Al Loving was influenced by his father, a sign painter with artistic training, and started copying his portfolio at the age of twelve. Loving studied art at the University of Illinois and the University of Michigan and moved to New York in 1968. A year later he was given a solo show at the Whitney Museum. Both Loving’s style of work--geometric abstraction--and the fact that he was an African-American artist at a time when the Whitney was eager to redress earlier omissions were factors in this early recognition by a major institution.

The hexagonal forms of Lisa and Susan are typical of Loving’s work of the seventies. The artist painted the different sections in carefully modulated colors in order to create the illusion of projection and recession. Later in his career, the artist turned away from this hard-edged style to make collages with much looser, more expressive elements.

CRITICAL EXCERPTS

William Zimmer, New York Times, 12/6/98
“Mr. Loving is an abstract painter whose early works show a great dedication to the formal thinking of the mid-1960's. These shaped canvases hint illusionistically at volume or three dimensions even though the surface is resolutely flat. "Cube" is painted as if it were the scaffolding for a solid form.”

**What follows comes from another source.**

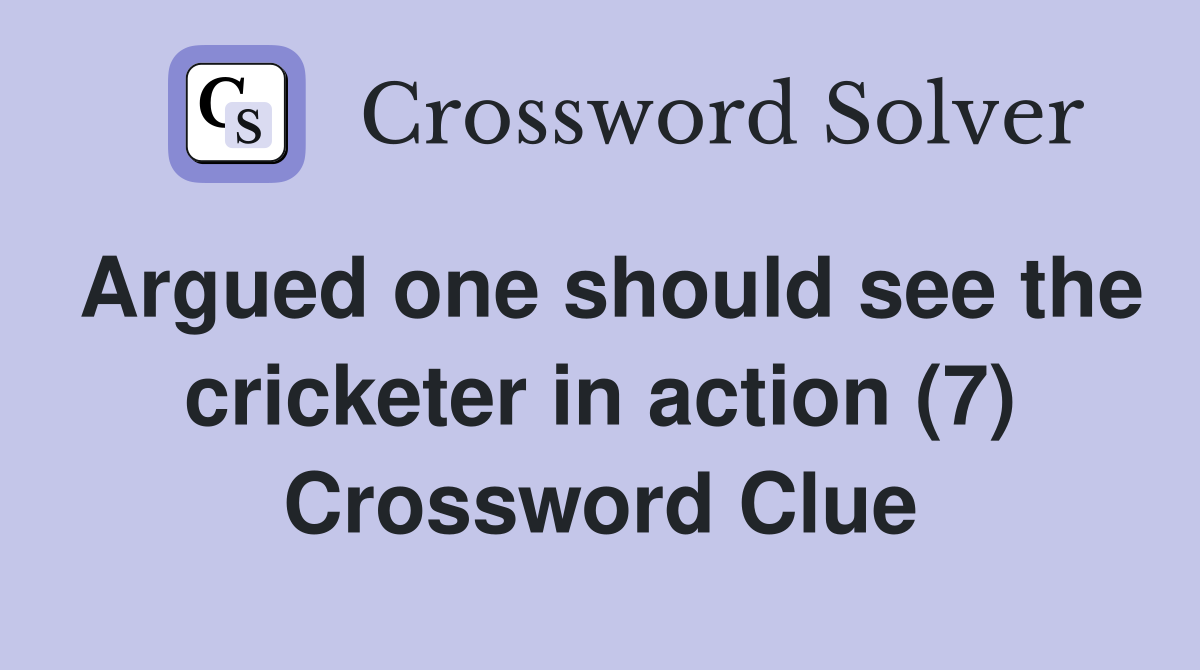 Argued one should see the cricketer in action (7) Crossword Clue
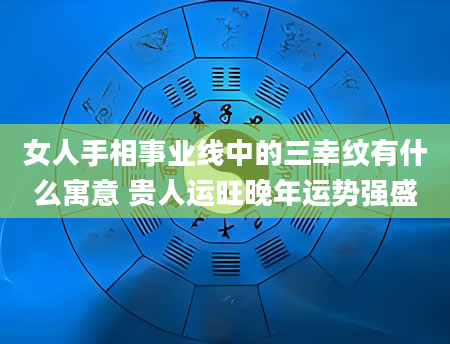 女人手相事业线中的三幸纹有什么寓意 贵人运旺晚年运势强盛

Al Loving, artist statement, 1988
“But one thing that happens to you when you become a disciplined artist is that you don't make those kind of choices anymore. You become part of a process. Once it's been put inside you, once the process has become a part of you, then it has a mind of its own. That's when I discovered I was just a vehicle...I feel sometimes like I died years ago and art has just dragged me through life....I had one image that I had developed beyond the cube called a septahedron. I had a six-sided stretcher bar made and I stretched the painting over it...I was trying to use the wall as a canvas, joining these things together so I could compose on a wall as canvas. I could put as many of these things up as I'd need. That opened it up a little bit. I could move with it horizontally...But in the process of moving through formalism, you just do this art, embarrassed or not, because it's going to take you somewhere. But where it was going, I had no idea...there was a quilt show at the Whitney Museum...That's when I started dying fabric...Sam Gilliam had been draping stuff...I could move away from the wall a little bit and begin to play with these other options...Sam had given me the right to do this...I don't do painting. I do something else. I don't use brushes anymore, no matter what. I feel that any artist who paints from that tradition is an imposter...when I found my own roots, my own gravity, my own self, it wasn't about painting.”